Terminati i tuorli, incordare l' impasto facendo la prova velo (ungere le dita con poco burro, tirare un pezzo di impasto cercando di creare un velo); se l' impasto fa il velo sarà possibile aggiungere il burro. Se diversamente, l' impasto non si sarà ancora incordato, andare avanti ad impastare aumentando leggermente la velocità della planetaria.
Aggiungere il cioccolato bianco fuso a bagnomaria e lasciare che l' impasto lo assorba.
Quindi aggiungere il burro a pomata procedendo come per i tuorli: dividere la quantità in tre porzioni e aggiungere la successiva solo quando la precedente è completamente assorbita dall' impasto.
Aggiungere l' emulsione aromatica e subito dopo il sale.  Impastare fino a che l' impasto avrà assorbito tutti gli ingredienti inseriti.
Estrarre l' impasto dalla ciotola della planetaria, versarlo su un piano di lavoro pulito leggermente unto di burro; lasciare riposare all' aria aperta per 40 minuti circa.

Dividere l' impasto nelle pezzature che si desidera ricavare considerando sempre il 10% in più del perso e cioè, per un Pandoro da 1 kg pesare 1100g di impasto, per due Pandori da 500g, pesare 550g di impasto.
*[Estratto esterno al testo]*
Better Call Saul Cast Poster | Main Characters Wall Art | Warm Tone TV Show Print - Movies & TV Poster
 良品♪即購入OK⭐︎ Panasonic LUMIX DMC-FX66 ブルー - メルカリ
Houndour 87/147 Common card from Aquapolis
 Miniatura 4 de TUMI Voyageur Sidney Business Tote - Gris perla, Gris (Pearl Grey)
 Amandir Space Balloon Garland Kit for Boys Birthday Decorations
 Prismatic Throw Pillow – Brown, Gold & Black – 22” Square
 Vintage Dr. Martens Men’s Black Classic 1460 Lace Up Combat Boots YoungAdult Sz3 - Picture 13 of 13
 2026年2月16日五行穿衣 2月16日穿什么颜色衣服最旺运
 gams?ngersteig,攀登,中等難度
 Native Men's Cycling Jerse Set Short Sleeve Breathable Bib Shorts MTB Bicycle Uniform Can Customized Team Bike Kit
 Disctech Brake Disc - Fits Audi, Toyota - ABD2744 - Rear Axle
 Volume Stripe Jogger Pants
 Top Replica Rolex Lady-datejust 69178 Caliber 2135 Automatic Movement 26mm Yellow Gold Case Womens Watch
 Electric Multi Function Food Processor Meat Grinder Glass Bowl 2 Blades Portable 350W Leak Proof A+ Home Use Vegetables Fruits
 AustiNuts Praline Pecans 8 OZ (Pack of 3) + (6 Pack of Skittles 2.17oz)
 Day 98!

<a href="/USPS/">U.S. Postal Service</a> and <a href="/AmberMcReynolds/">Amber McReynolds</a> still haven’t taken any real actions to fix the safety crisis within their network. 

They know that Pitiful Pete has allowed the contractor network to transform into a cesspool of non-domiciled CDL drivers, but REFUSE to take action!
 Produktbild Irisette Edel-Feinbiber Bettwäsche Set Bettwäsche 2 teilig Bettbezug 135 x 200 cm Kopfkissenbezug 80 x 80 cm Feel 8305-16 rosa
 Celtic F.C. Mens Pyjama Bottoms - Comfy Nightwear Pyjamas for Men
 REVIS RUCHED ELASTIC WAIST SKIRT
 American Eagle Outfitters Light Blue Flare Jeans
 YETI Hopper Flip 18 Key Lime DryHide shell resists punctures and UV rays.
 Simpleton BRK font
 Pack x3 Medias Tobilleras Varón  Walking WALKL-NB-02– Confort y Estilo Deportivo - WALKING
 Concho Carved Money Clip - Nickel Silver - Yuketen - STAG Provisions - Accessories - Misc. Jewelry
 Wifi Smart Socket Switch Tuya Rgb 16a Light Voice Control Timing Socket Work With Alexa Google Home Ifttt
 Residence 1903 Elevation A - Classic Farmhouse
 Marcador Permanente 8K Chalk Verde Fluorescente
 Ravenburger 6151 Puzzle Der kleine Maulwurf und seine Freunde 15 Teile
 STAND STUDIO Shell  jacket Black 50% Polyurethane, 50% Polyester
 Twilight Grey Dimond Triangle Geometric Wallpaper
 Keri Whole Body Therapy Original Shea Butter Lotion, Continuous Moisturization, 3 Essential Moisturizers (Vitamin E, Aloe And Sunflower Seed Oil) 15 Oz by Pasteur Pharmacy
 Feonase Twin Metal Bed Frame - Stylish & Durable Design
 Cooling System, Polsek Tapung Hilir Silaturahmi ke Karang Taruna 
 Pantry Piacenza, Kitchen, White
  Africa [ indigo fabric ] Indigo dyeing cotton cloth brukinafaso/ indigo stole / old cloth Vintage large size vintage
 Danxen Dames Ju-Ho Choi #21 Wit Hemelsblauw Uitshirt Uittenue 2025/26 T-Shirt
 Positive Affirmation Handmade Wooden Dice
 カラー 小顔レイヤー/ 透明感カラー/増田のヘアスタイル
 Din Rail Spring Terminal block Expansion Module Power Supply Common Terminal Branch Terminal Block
Pirlare le pezzature ungendo leggermente le mani con poco burro e lasciarle riposare per 30 minuti sempre scoperte.


Ripetere la pirlatura e posizionare gli impasti negli stampi scelti leggermente imburrati (se teflonati non imburrare)
Coprire con della pellicola per alimenti e mettere a lievitare in un luogo caldo (26/28°) fino a quando l' impasto avrà raggiunto il bordo dello stampo (4/5 ore).



COTTURA

Preriscaldare il forno a 170° e nel frattempo togliere la pellicola dalla cupola del Pandoro in modo che si asciughi  leggermente.
Posizionare la griglia o la taglia sulla quale adagerete gli stampi, sul punto più basso del forno per evitare che il Pandoro in cottura si bruci toccando le resistenze del forno (la cupola crescerà molto se avrete fatto tutto correttamente). A temperatura raggiunta, infornare gli stampi.

Dopo 10 minuti circa abbassare la temperatura a 160°C e proseguire per altri 30 minuti. Inserire la sonda di un termometro dritta al centro del Pandoro, se misurerà 96° il dolce sarà cotto e potrà essere sfornato.

Se non si possiede un termometro adeguato, di solito, per un Pandoro da 1kg ci vorranno circa 50/60 minuti di cottura; per un Pandoro da 500g ci vorranno circa 40 minuti.

Comunque ogni forno si comporterà a suo modo e la cottura sarà sicuramente soggettiva, consiglio quindi di utilizzare un termometro per non correre il rischio di sbagliare la cottura.

A cottura ultimata sfornare e lasciare raffreddare per tre ore.

Capovolgere ed estrarre i Pandori dallo stampo.



Lasciare ancora per 6 ore e poi inserire il Pandoro in un sacchetto per alimenti leggermente spruzzato di alcool per liquori; chiudere bene e conservare anche fino a due mesi.

Il vostro pandoro sarà soffice e buonissimo... vi consiglio ovviamente ingredienti di qualità e il vostro lievito madre per un prodotto digeribile, squisito e genuino... niente di paragonabile con i pandori industriali ricchi di zuccheri, aromi di sintesi e conservanti.



Perdetevi nel dolce profumo che invaderà la vostra casa durante la cottura del magico pandoro perchè sarà un aroma che rimarrà nella vostra memoria e in quella dei vostri cari... un ricordo che sa di buono, di festa e di affetti capaci di scaldarci il cuore e regalarci un sorriso.

Buon Anno a tutti che sia per voi speciale e ricco di tanti sorrisi e dolci momenti!